[Available data]

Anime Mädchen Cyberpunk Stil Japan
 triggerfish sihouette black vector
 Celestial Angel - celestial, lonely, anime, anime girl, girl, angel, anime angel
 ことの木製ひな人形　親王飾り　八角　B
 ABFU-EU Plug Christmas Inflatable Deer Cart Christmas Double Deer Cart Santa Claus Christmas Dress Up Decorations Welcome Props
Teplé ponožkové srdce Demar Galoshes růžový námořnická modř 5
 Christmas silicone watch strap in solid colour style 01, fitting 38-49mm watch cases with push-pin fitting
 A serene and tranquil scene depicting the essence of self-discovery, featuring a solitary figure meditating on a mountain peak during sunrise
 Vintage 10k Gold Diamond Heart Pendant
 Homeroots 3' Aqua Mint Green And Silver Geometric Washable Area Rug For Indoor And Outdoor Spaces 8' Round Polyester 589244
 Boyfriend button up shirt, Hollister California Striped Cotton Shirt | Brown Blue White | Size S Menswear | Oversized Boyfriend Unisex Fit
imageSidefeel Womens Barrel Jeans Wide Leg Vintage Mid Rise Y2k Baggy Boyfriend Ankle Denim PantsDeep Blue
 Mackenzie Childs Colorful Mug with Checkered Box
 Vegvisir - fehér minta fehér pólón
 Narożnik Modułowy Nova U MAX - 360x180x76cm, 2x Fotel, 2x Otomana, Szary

[/Available data]

[Work required]: State how many lines of the records contain the word "Boyfriend". Give that number alone.

[Response area]: 2